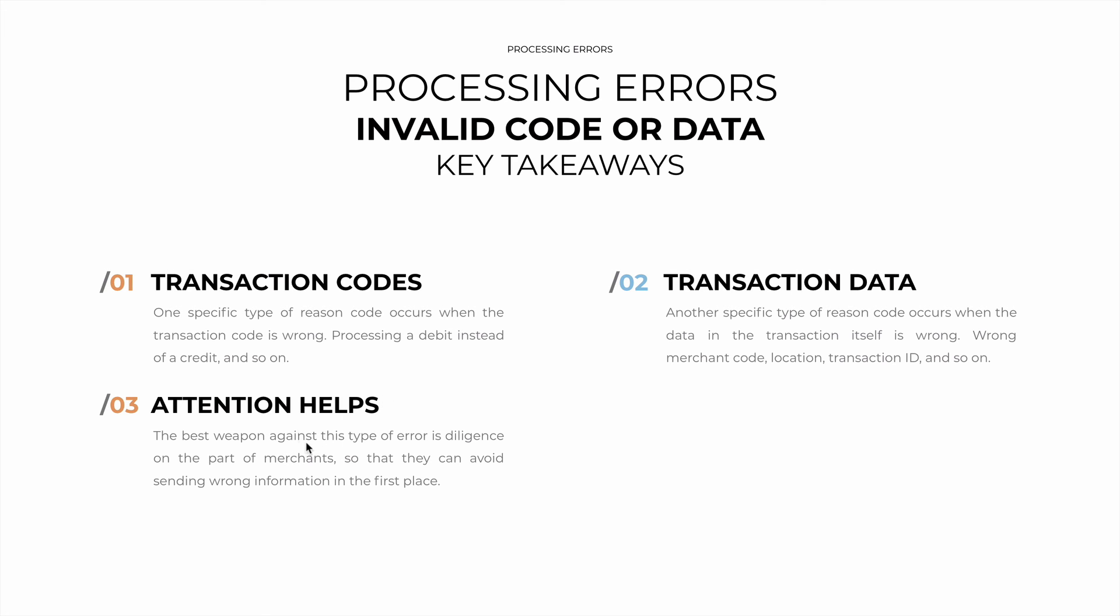And finally, paying attention helps. These situations are almost always generated by human error. So diligence on the part of the merchants goes a long way in preventing them from sending wrong information in the first place.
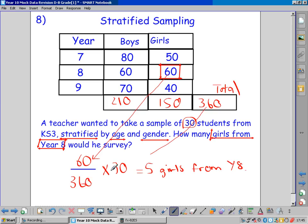Fraction times the sample size. The fraction on the bottom requires the total, the piece of data on the top.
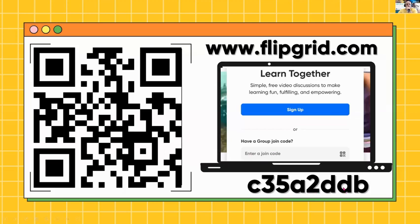If you're on the app, scan the QR code. If you're web-based from whatever device — Chromebook, computer, or any other device — go to flipgrid.com, find the 'enter a join code' field in the middle of the screen, click on it, and type the code. I'm going to give you 30 seconds to join our class.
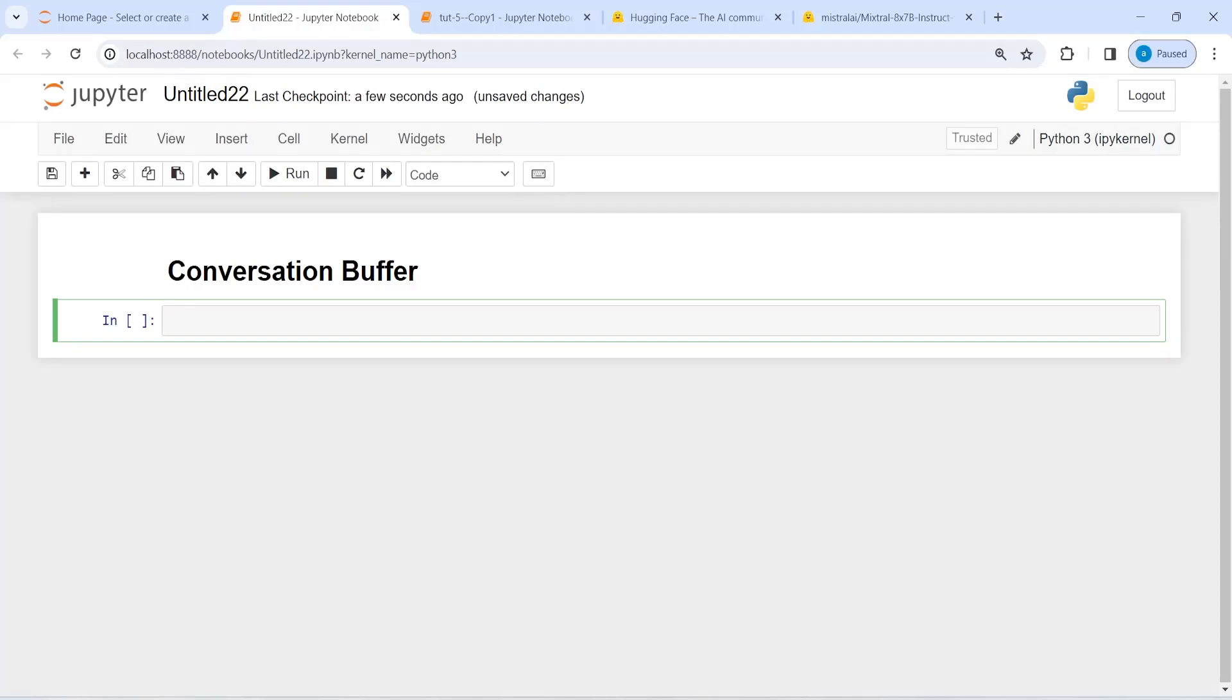Conversation buffer allows for storing messages and then extracting the messages in a variable. So we will save this conversation in messages and then we can extract this conversation in a variable.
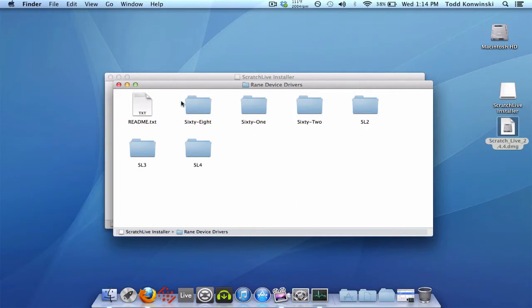Well, these folders are only for core audio support on Mac. That means you can use your sound card in other programs besides Scratch Live - Traktor, Ableton, Virtual DJ, Mixxx, etc. Not Scratch Live.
· · · · · · ·
Task description
Nothing should appear in the answer except the lines from the one containing "Fraction times the" through the last line of the listing, given again exactly and with no pictures.

Answer section
Fraction times the sample size. The fraction on the bottom requires the total, the piece of data on the top.
If you're on the app, scan the QR code. If you're web-based from whatever device — Chromebook, computer, or any other device — go to flipgrid.com, find the 'enter a join code' field in the middle of the screen, click on it, and type the code. I'm going to give you 30 seconds to join our class.
Conversation buffer allows for storing messages and then extracting the messages in a variable. So we will save this conversation in messages and then we can extract this conversation in a variable.
Well, these folders are only for core audio support on Mac. That means you can use your sound card in other programs besides Scratch Live - Traktor, Ableton, Virtual DJ, Mixxx, etc. Not Scratch Live.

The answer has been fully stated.